Exercise description. Please retype the entries below word for word, passing over every picture.

Stored dataset items

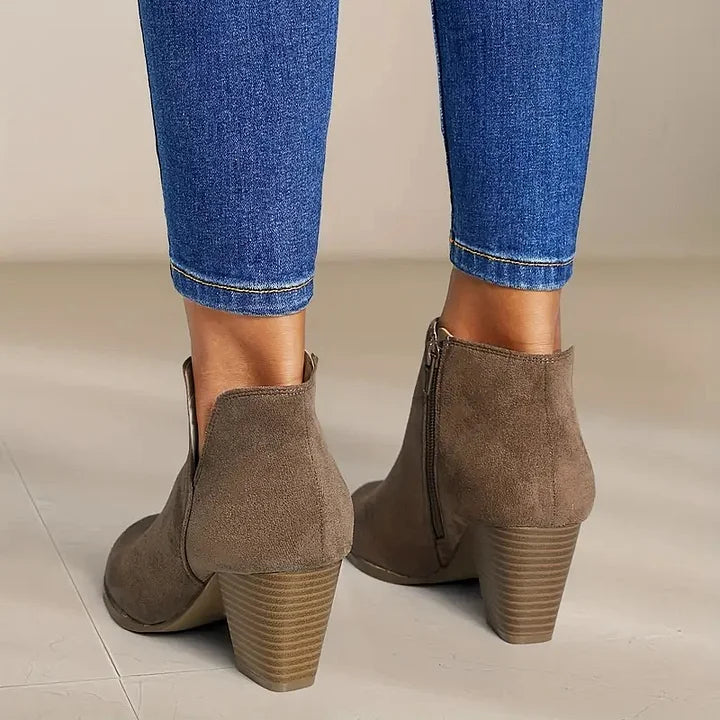 Trudi® | DAMESTIEFELETTEN MED TYK HÆL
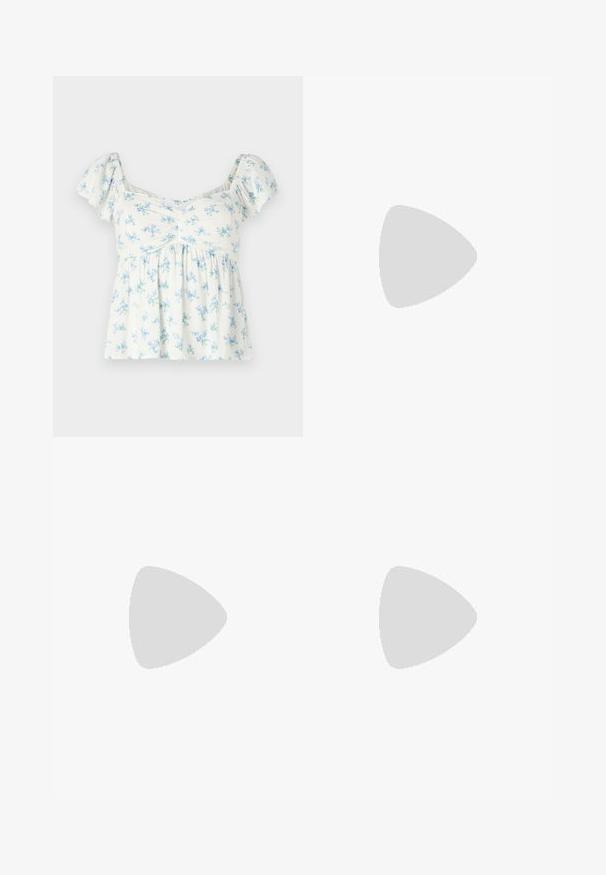 Top bianco a maniche corte con motivo floreale in azzurro chiaro e verde, con dettaglio di scollatura arricciata e vestibilità rilassata.; Jeans svasati di un blu chiaro, realizzati in denim, con vita alta, cinque tasche e chiusura a un bottone. Morbido al tatto con una finitura scolorita.; Sandali con tacco in vernice nera, con punta squadrata, cinturini alla caviglia e fibbie in argento. Presentano un tacco a blocco spesso per maggiore stabilità.; Borsa tote in pelle nera con texture liscia, forma rettangolare e due manici lunghi. Nessun hardware o decorazione visibile.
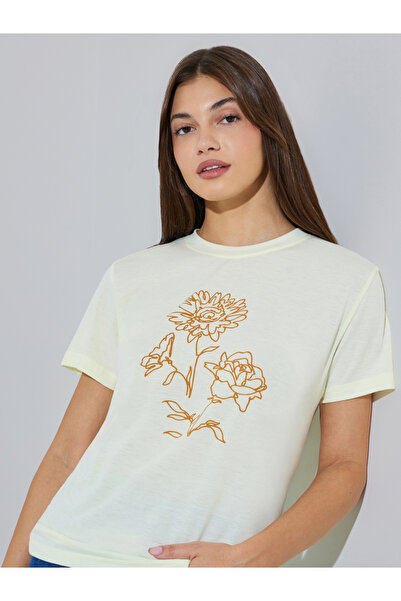 Styli Yellow Graphic Crew Neck Regular Fit T-Shirt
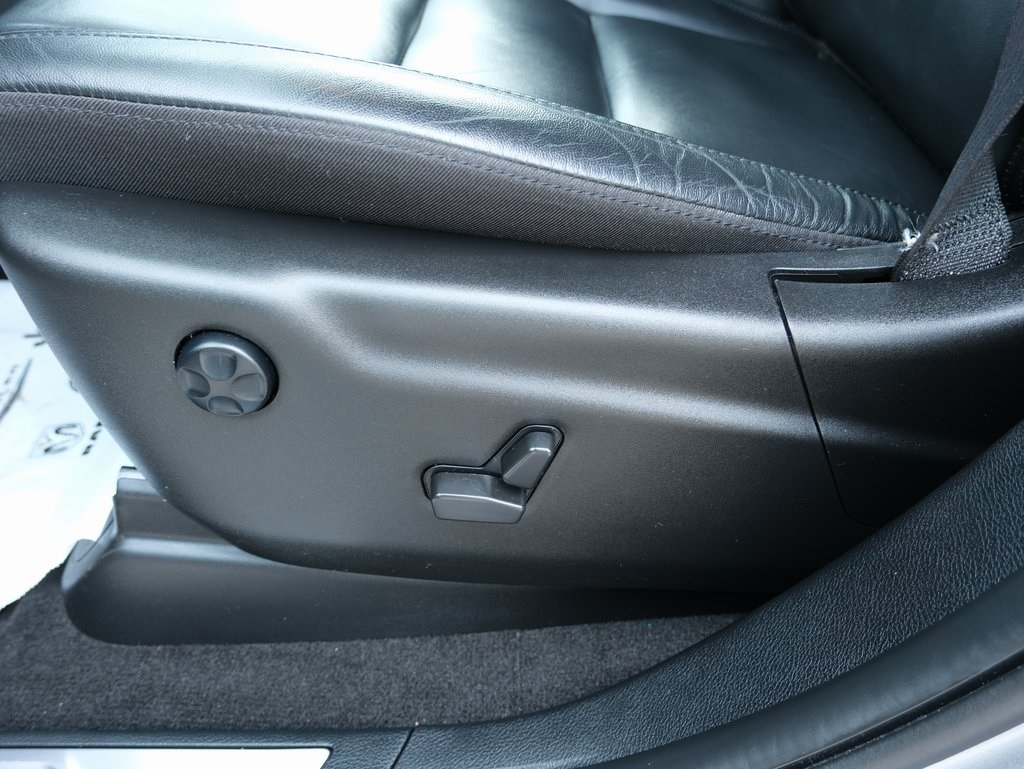 Vehicle image 27 of 38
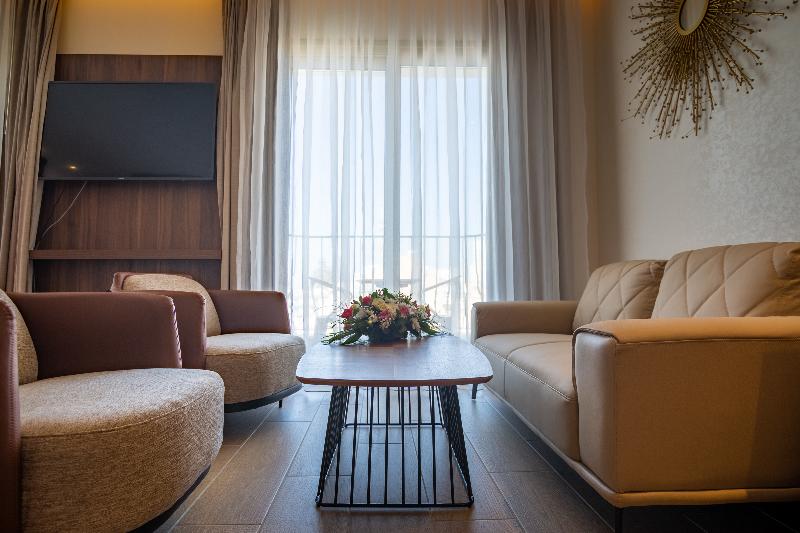 Leonardo Boutique Hotel Larnaca - Oda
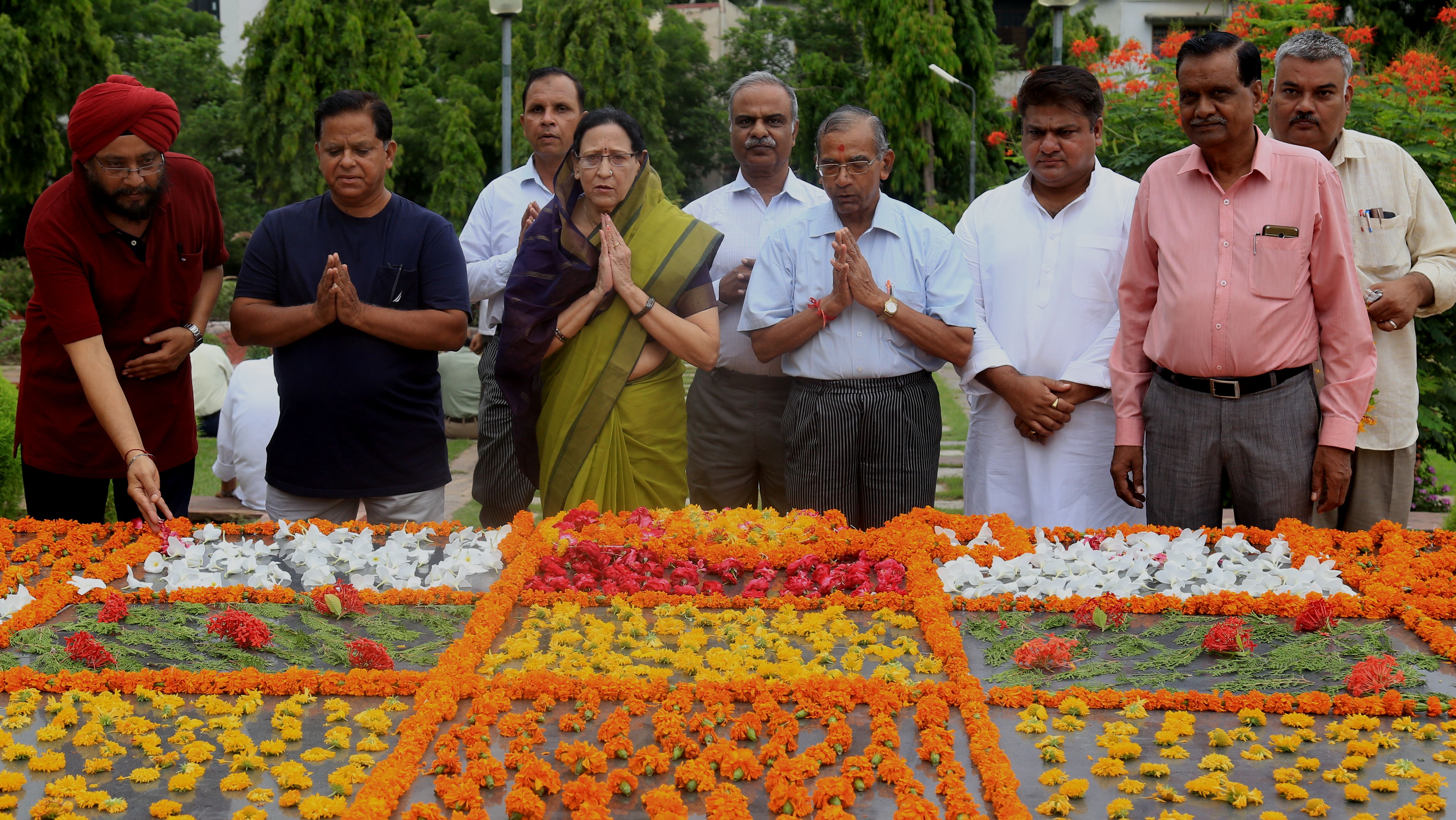 आधुनिक राजस्थान के निर्माता मोहनलाल सुखाड़िया को किया याद, जन्म जयंती पर दी श्रद्धांजलि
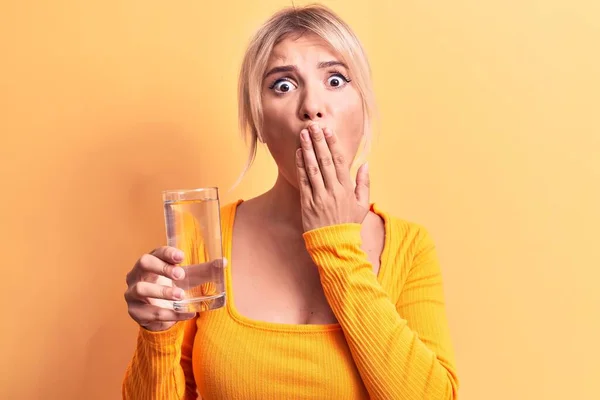 Joven Hermosa Mujer Rubia Bebiendo Vaso Agua Sobre Fondo Amarillo — Foto de Stock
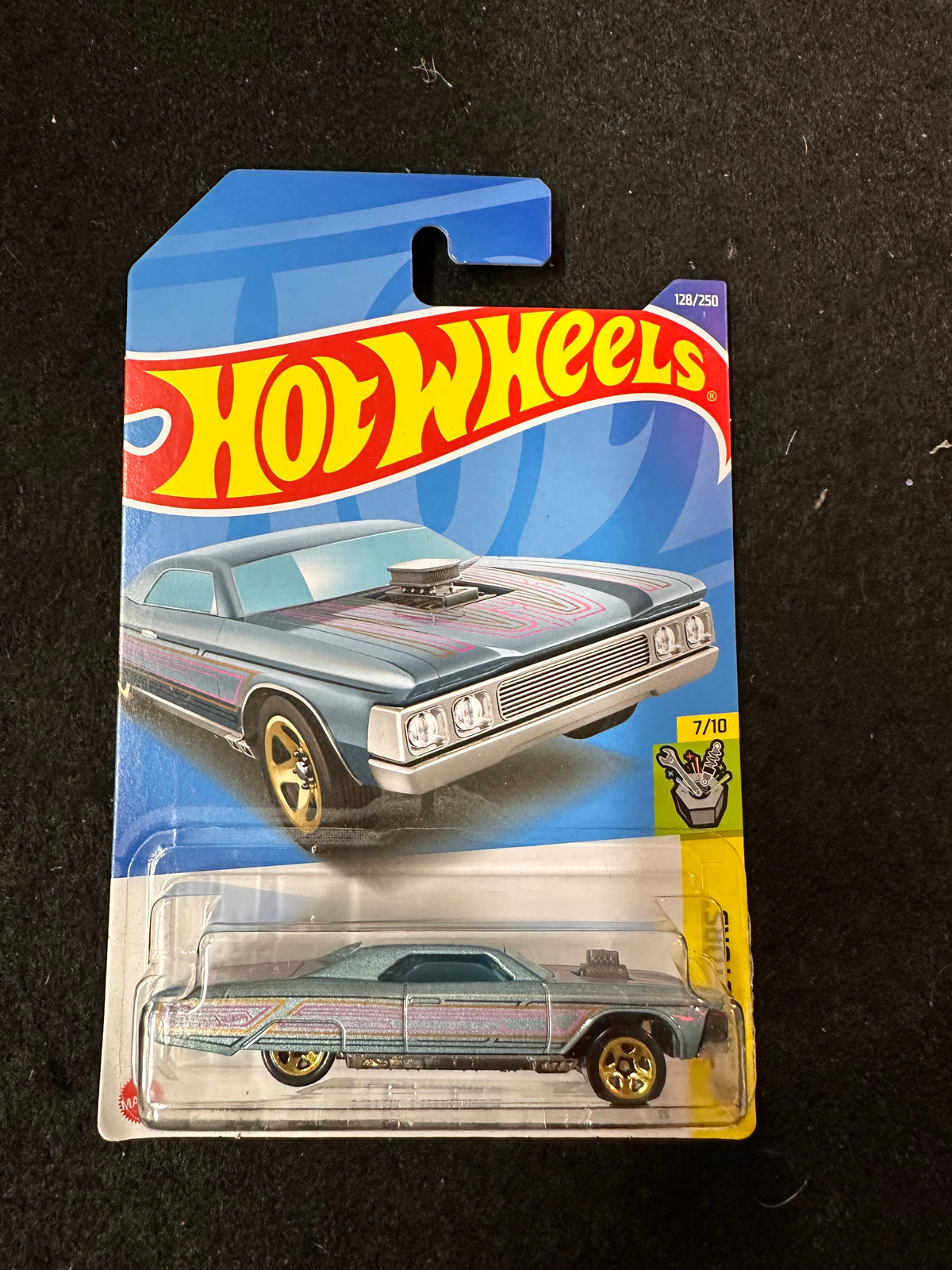 HOTWHEELS LAYIN LOWRIDER
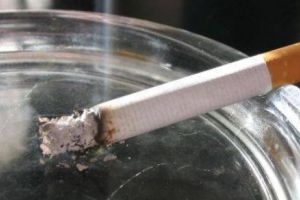 Țara din UE care le-a pus gând rău fumătorilor. Vrea să interzică fumatul şi în aer liber 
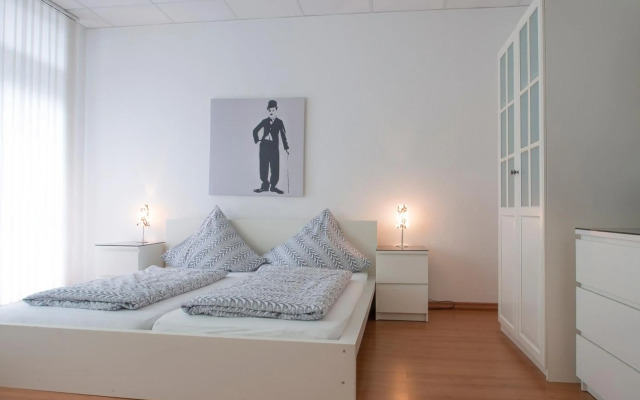 Spacious and modern furnished apartment for 10 guests
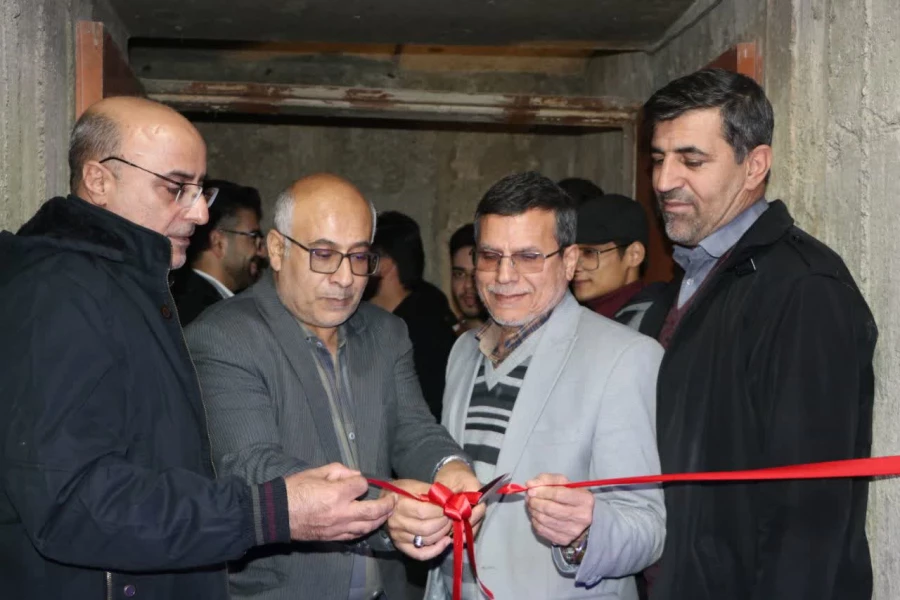 افتتاحیه اتاق تندرسی و مرکز بازی های رایانه ای در پردیس شهید باهنر اصفهان 3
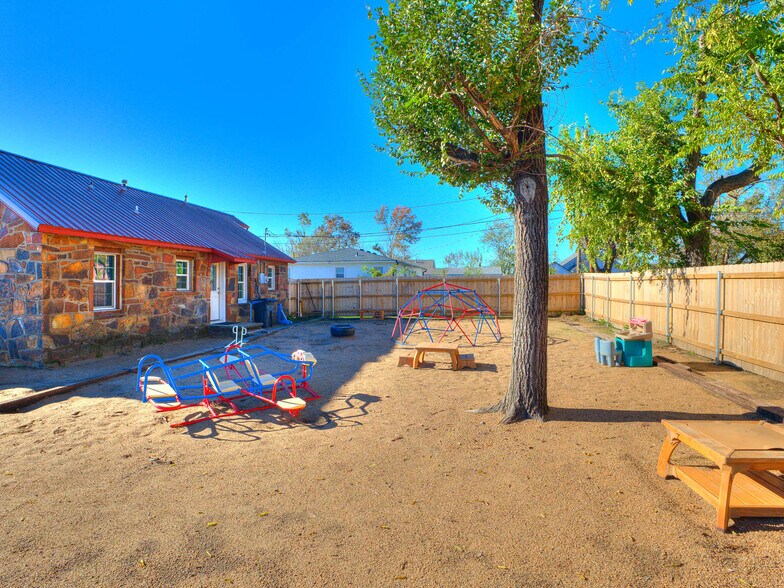 More Photos Of 305 S Chickasaw Ave, Claremore Daycare Center For Sale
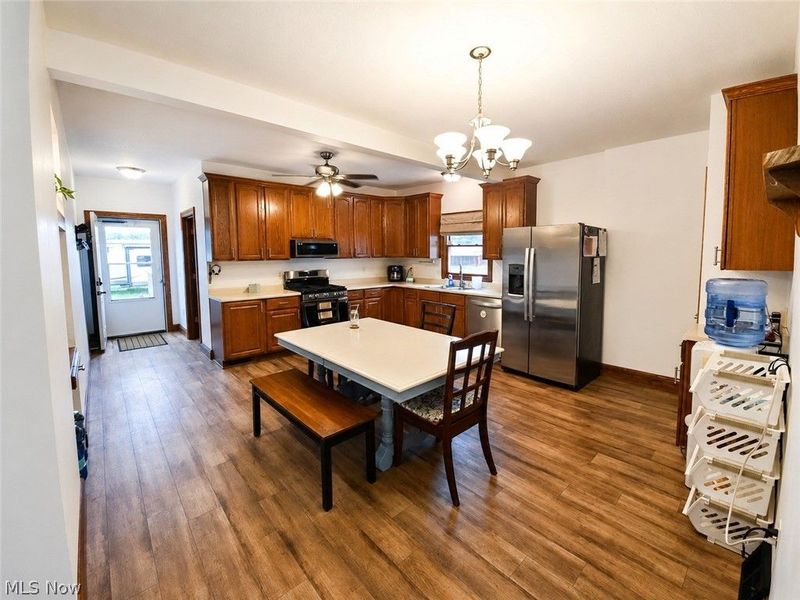 8942 Edison Street NE, Louisville, OH 44641 Photo 6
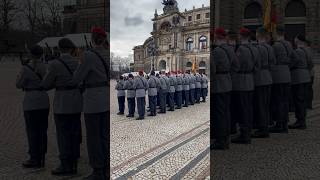 Preußischer Präsentiermarsch 🦅🇩🇪 Ehrenzug OSH Dresden militär bundeswehr soldaten musikkorps [upl. by Anagrom]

The completed task.
 Trudi® | DAMESTIEFELETTEN MED TYK HÆL
 Top bianco a maniche corte con motivo floreale in azzurro chiaro e verde, con dettaglio di scollatura arricciata e vestibilità rilassata.; Jeans svasati di un blu chiaro, realizzati in denim, con vita alta, cinque tasche e chiusura a un bottone. Morbido al tatto con una finitura scolorita.; Sandali con tacco in vernice nera, con punta squadrata, cinturini alla caviglia e fibbie in argento. Presentano un tacco a blocco spesso per maggiore stabilità.; Borsa tote in pelle nera con texture liscia, forma rettangolare e due manici lunghi. Nessun hardware o decorazione visibile.
 Styli Yellow Graphic Crew Neck Regular Fit T-Shirt
 Vehicle image 27 of 38
 Leonardo Boutique Hotel Larnaca - Oda
 आधुनिक राजस्थान के निर्माता मोहनलाल सुखाड़िया को किया याद, जन्म जयंती पर दी श्रद्धांजलि
 Joven Hermosa Mujer Rubia Bebiendo Vaso Agua Sobre Fondo Amarillo — Foto de Stock
 HOTWHEELS LAYIN LOWRIDER
 Țara din UE care le-a pus gând rău fumătorilor. Vrea să interzică fumatul şi în aer liber 
 Spacious and modern furnished apartment for 10 guests
 افتتاحیه اتاق تندرسی و مرکز بازی های رایانه ای در پردیس شهید باهنر اصفهان 3
 More Photos Of 305 S Chickasaw Ave, Claremore Daycare Center For Sale
 8942 Edison Street NE, Louisville, OH 44641 Photo 6
 Preußischer Präsentiermarsch 🦅🇩🇪 Ehrenzug OSH Dresden militär bundeswehr soldaten musikkorps [upl. by Anagrom]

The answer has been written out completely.